▶ What you should do
Restate the data exactly as given and keep the pictures out.

▶ Input material
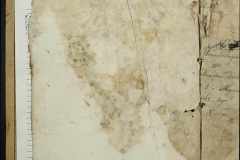 0168-001-317-004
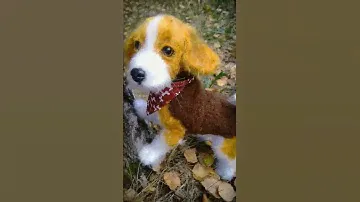 бигль вязаный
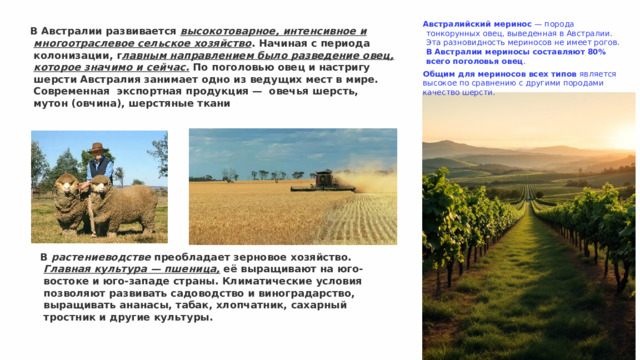 Австралийский меринос  — порода тонкорунных овец, выведенная в Австралии. Эта разновидность мериносов не имеет рогов. В Австралии мериносы составляют 80% всего поголовья овец .  Общим для мериносов всех типов  является высокое по сравнению с другими породами качество шерсти.  В Австралии развивается высокотоварное, интенсивное и многоотраслевое сельское хозяйство . Начиная с периода колонизации, г лавным направлением было разведение овец, которое значимо и сейчас. По поголовью овец и настригу шерсти Австралия занимает одно из ведущих мест в мире. Современная  экспортная продукция —  овечья шерсть, мутон (овчина), шерстяные ткани В  растениеводстве  преобладает зерновое хозяйство. Главная культура — пшеница, её выращивают на юго-востоке и юго-западе страны. Климатические условия позволяют развивать садоводство и виноградарство, выращивать ананасы, табак, хлопчатник, сахарный тростник и другие культуры. 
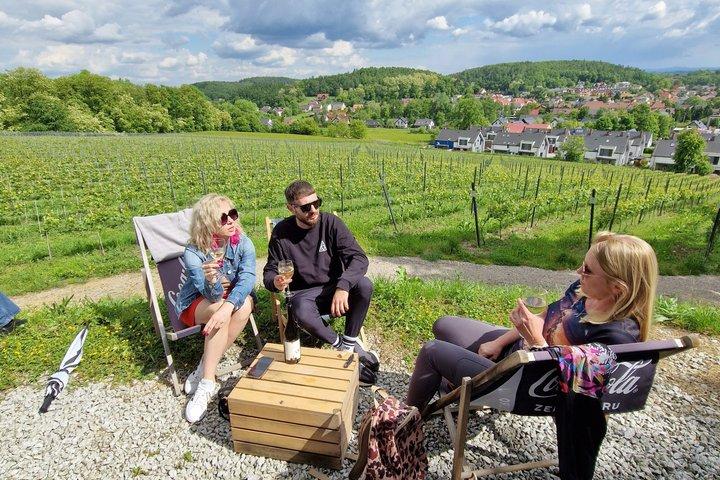 Private Wine Tasting at Vineyard From Krakow - cover photo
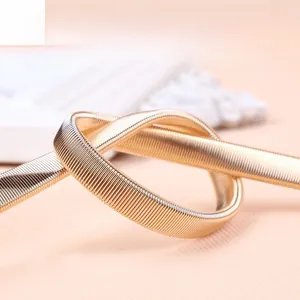 Detailed macro view of the flexible golden spring metal belt texture and craftsmanship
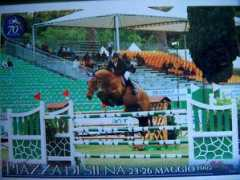 heymanstables.com Saygon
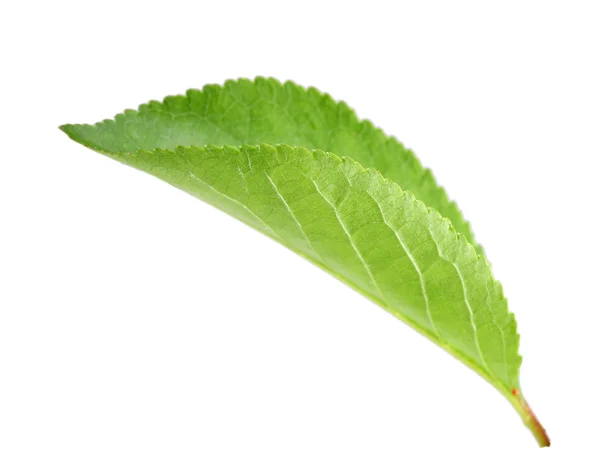 Grönt blad för apple-tree — Stockfoto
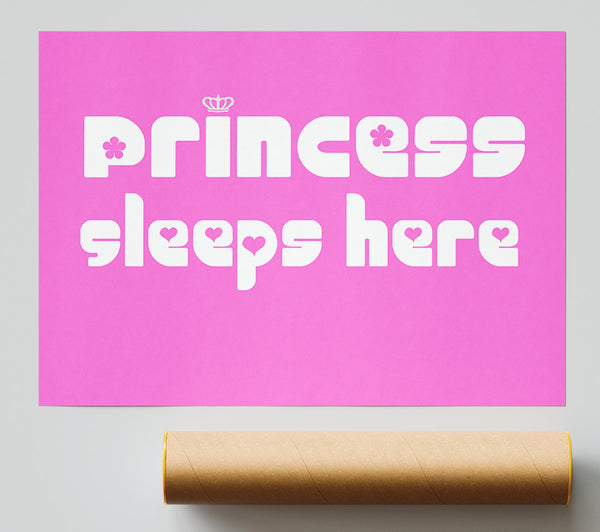 Princess Sleeps 2 Vivid Pink Print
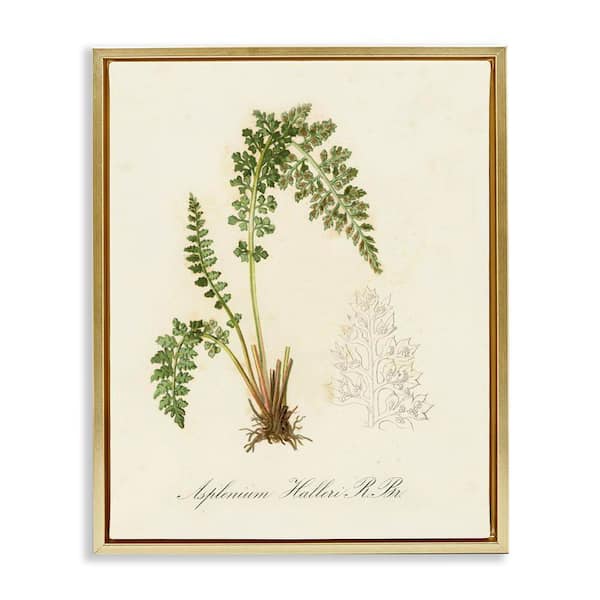 Scientific Fern Study by Tina Higgins Designs, Inc. Gold Floater Frame Nature Graphic Art Print 21 in. x 17 in.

▶ Response
 0168-001-317-004
 бигль вязаный
 Австралийский меринос  — порода тонкорунных овец, выведенная в Австралии. Эта разновидность мериносов не имеет рогов. В Австралии мериносы составляют 80% всего поголовья овец .  Общим для мериносов всех типов  является высокое по сравнению с другими породами качество шерсти.  В Австралии развивается высокотоварное, интенсивное и многоотраслевое сельское хозяйство . Начиная с периода колонизации, г лавным направлением было разведение овец, которое значимо и сейчас. По поголовью овец и настригу шерсти Австралия занимает одно из ведущих мест в мире. Современная  экспортная продукция —  овечья шерсть, мутон (овчина), шерстяные ткани В  растениеводстве  преобладает зерновое хозяйство. Главная культура — пшеница, её выращивают на юго-востоке и юго-западе страны. Климатические условия позволяют развивать садоводство и виноградарство, выращивать ананасы, табак, хлопчатник, сахарный тростник и другие культуры. 
 Private Wine Tasting at Vineyard From Krakow - cover photo
 Detailed macro view of the flexible golden spring metal belt texture and craftsmanship
 heymanstables.com Saygon
 Grönt blad för apple-tree — Stockfoto
 Princess Sleeps 2 Vivid Pink Print
 Scientific Fern Study by Tina Higgins Designs, Inc. Gold Floater Frame Nature Graphic Art Print 21 in. x 17 in.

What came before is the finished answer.